I titled this entry "Dead Kernels" because it is only by truly dying to ourselves that we can really live in and be made use of by Him. It may not feel like that, or look like it, but it is not our definition of it all that matters. Just His. Jeremiah, the Weeping Prophet was a failure by all contemporary measurements, yet His words spoke and continue to speak Life to us more than 2500 years later. Paul, chained in a prison cell, could not have known how the words he wrote, directed by the Holy Spirit, would still minister freedom and life 2000 years after his death in that prison.

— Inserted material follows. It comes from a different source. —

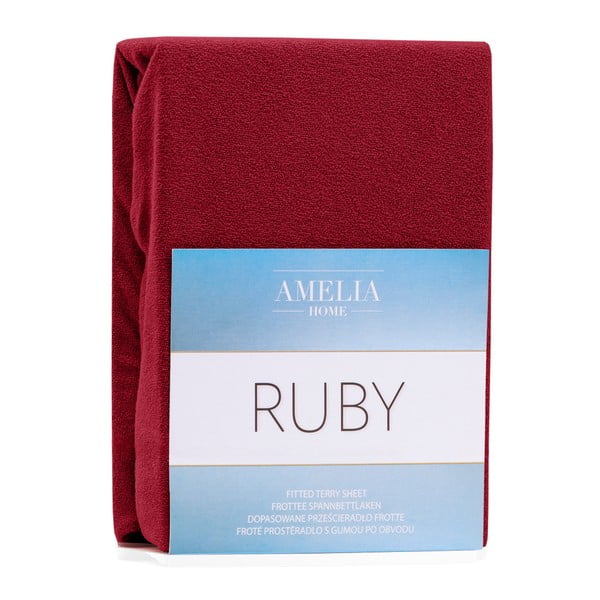 Temno rdeča elastična rjuha za zakonsko posteljo AmeliaHome Ruby Siesta, 200/220 x 200 cm-image-1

Christ, believed even by His disciples to have miserably failed, breathes Life, freedom, peace, joy, grace, by way of a cross that all thought was His end, but led instead to His glorious resurrection. All, especially our Lord, lived with eternity in view. Indeed, they lived in eternity. Those who truly labor in His name will leave no legacy for themselves but that of a life that pointed only to Him, living lives that draw others to Him. Taskmasters no more, but shepherds, followers, indeed, friends of the King, and citizens of His Kingdom. What greater legacy could there be than that? Will it be ours?